▶ Exercise details:
Starting at the line that contains "Rental Catamaran Robertson" and stopping at the line that contains "What is solarpunk?", transcribe every line of the material below exactly; pictures stay out.

BEGIN Provided information

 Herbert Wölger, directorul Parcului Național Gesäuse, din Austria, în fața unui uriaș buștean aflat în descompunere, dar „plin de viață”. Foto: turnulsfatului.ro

END Provided information
BEGIN Provided information

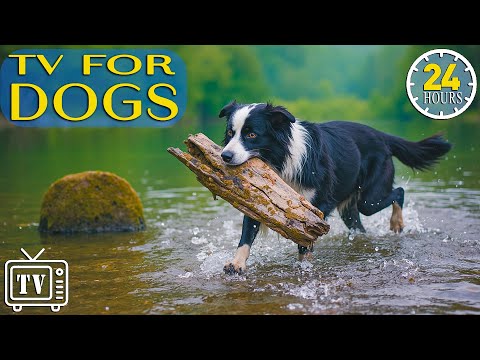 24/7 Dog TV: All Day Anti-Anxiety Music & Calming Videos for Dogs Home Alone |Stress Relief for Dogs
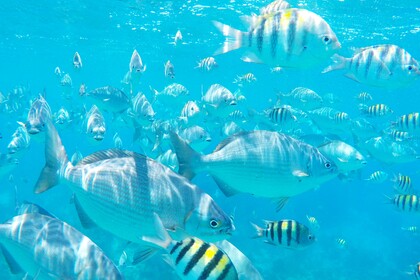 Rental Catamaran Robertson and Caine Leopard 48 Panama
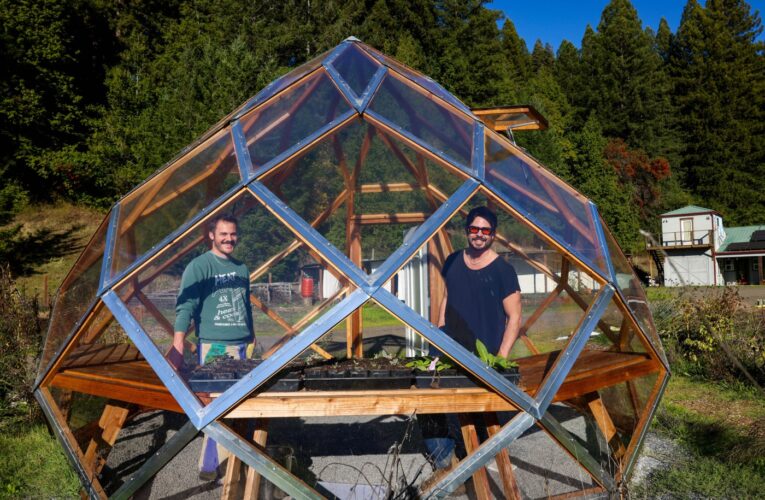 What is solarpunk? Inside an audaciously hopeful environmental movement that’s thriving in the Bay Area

END Provided information
BEGIN Provided information

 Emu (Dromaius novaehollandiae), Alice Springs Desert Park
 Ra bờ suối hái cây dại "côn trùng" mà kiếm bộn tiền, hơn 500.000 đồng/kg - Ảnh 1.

END Provided information

▶ Answer box:
 Rental Catamaran Robertson and Caine Leopard 48 Panama
 What is solarpunk? Inside an audaciously hopeful environmental movement that’s thriving in the Bay Area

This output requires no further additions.